You don't need to watch the feet to see if someone is doing a movement correctly.
During practice, hakama should be 4-6 inches above your feet anyway, but if sensei really wants to show us foot work, he'll hike up his hakama and tuck it in, and then show us.


----------



## yorkshirelad

Manny said:


> How importante is the hakama (skirt) in aikido? I feel it's a nice touch but I think is a little impractical too. Can an aikidoka train just in the judogi/gi (jacket and pants)?
> 
> Manny


 It depends on the style of Aikido you practise. In Iwama and aikikai Aikido, Hakama is emphasized, especially for yudansha. O'sensei would be annoyed at some who arrived at the dojo without it, claiming that they were training in their underwear. 

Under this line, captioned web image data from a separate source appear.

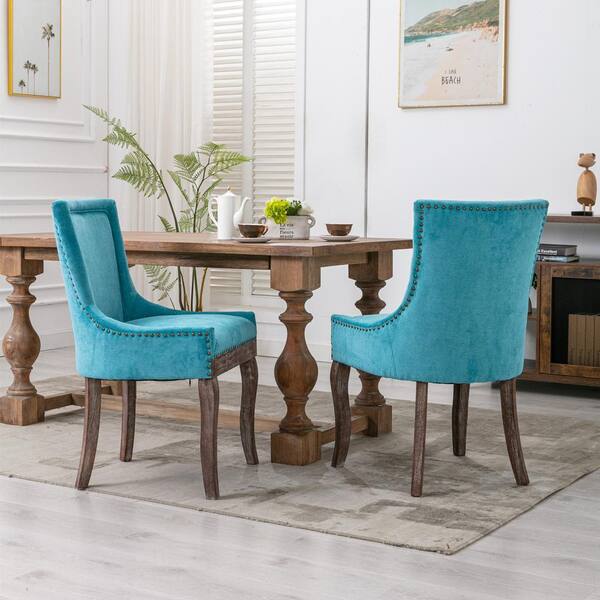 retro blue dining chairs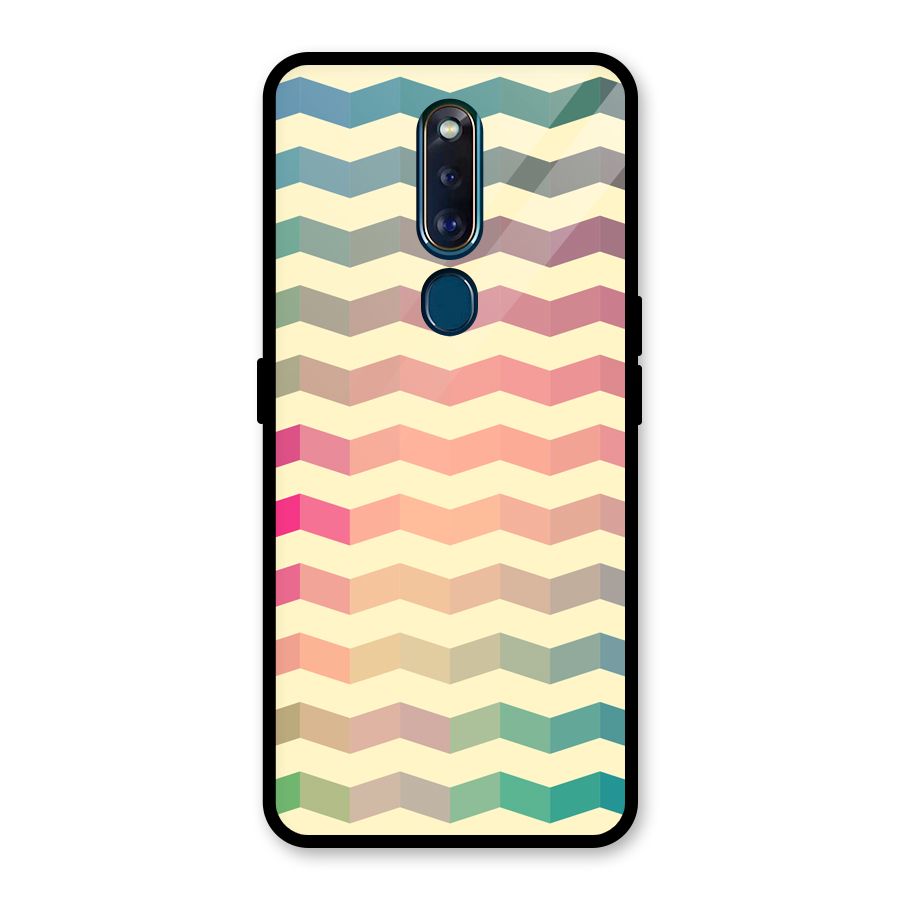 Seamless ZigZag Design Glass Back Case for Oppo F11 Pro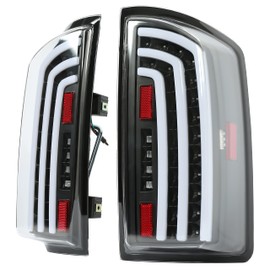 HECASA LED Tail Light Compatible with 2007-2008 Dodge Ram 1500 2007-2009 Dodge Ram 2500 3500 LED Tube Bar Rear Signal Brake Lamp Taillights Clear Lens Black Housing Left & Right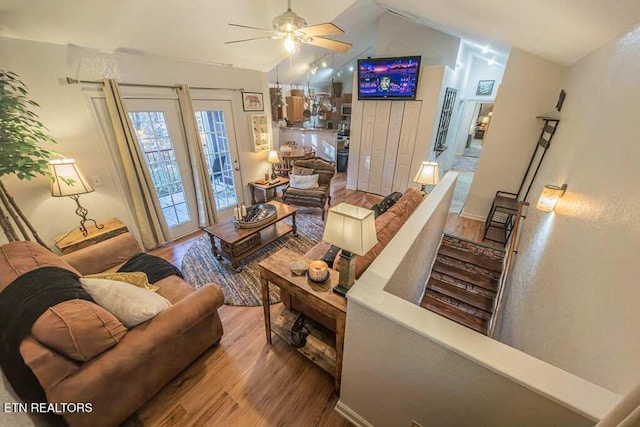 516 Proffitt Rd Unit 1 & 2, Gatlinburg, TN 37738 - living area featuring wood finished floors, ceiling fan, and vaulted ceiling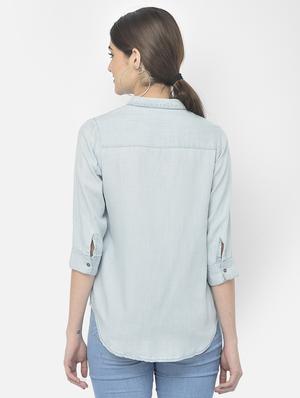 light blue solid regular shirt - 18152303 - Standard Image - 3
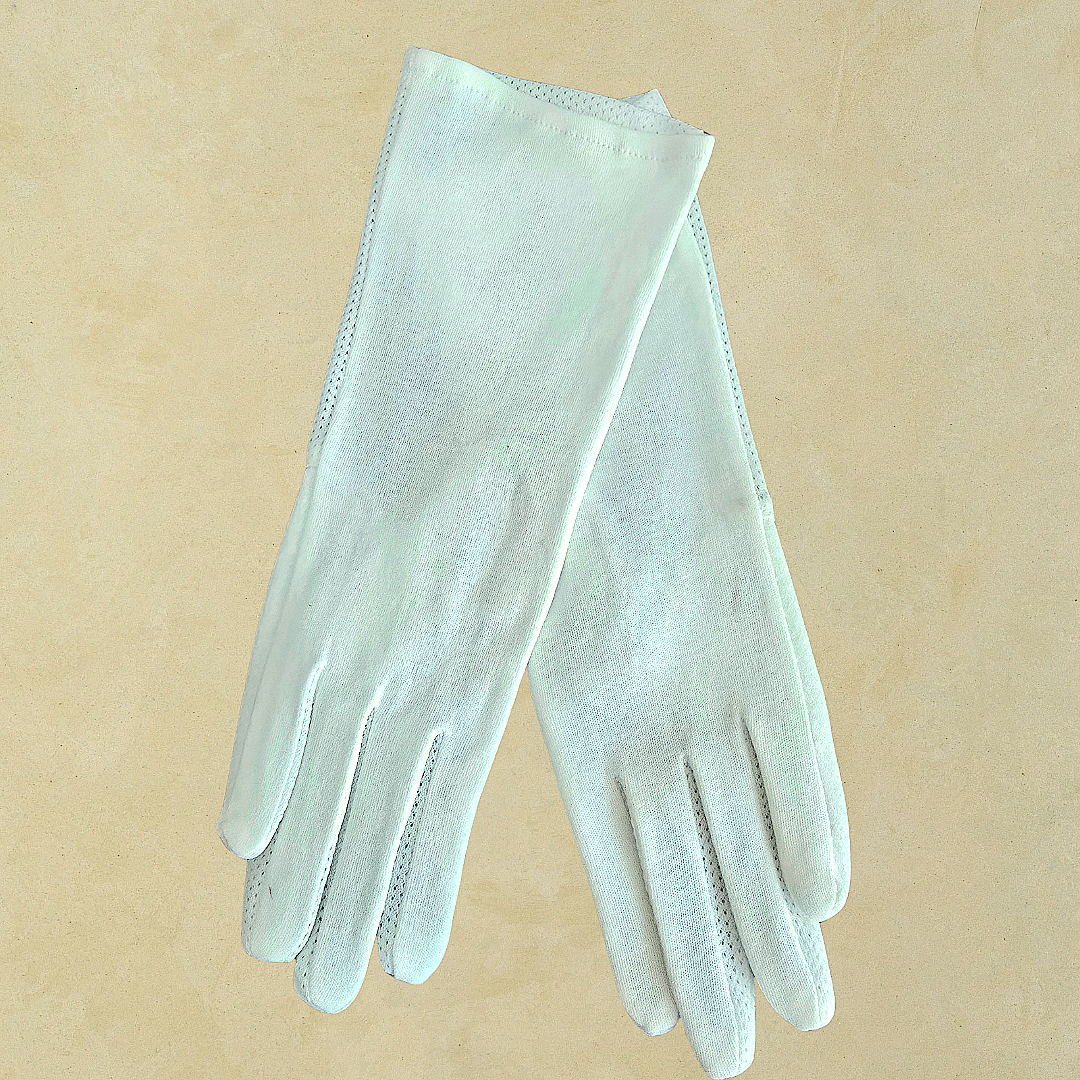 Beyaz Renk Bilek Üstü Boy Pamuklu Kumaş Sürüş Eldiveni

In Tomiki and Yoshinkan Aikido the hakama is emphasized less and sometimes not worn at all.


----------



## hussaf

There are many levels to the question you asked.  Mostly these refer to the umanori..or divided hakama (divided in the leg..vice a no-kidding skirt).

Chris made a good post pointing out some of the virtues related to each pleat in the hakama.  This concept is known as GoJo or the five virtues.  The ones Chris pointed out are a little bit different than the ones my group uses...but the differences are negligible...its like maybe one or two words difference.  Different groups have different ways in which they view the back two pleats...some count it as one, some don't count them, and some recognize them as two that make one.  Understand, this is based on the hakama as a garment worn by samurai.  Their original intent was as a ridding chap protecting the rider's legs from brush and other elements.  Since horse ownership was rare, it was generally relegated to samurai..hence the connection.  Here's our view of the pleats:

GoJo or five virtues (sometimes gotaku, I think...but we don't use that term)
Makoto (sincerity/honesty), Gi (wisdom), Rei (respect/etiquette/how to behave), Yuki (courage/valor/bravery), Jin (humanity/charity/kindness).  These five virtues act as a shield to protect us from vices that could stray us on our path to service, virtue, enlightenment.  All of these virtues were important to the samurai.  These virtues were all considered to be interconnected, so that without sincerity or wisdom, etiquette is impossible; without courage, benevolence cannot be offered.  These were reminders for how a samurai should live.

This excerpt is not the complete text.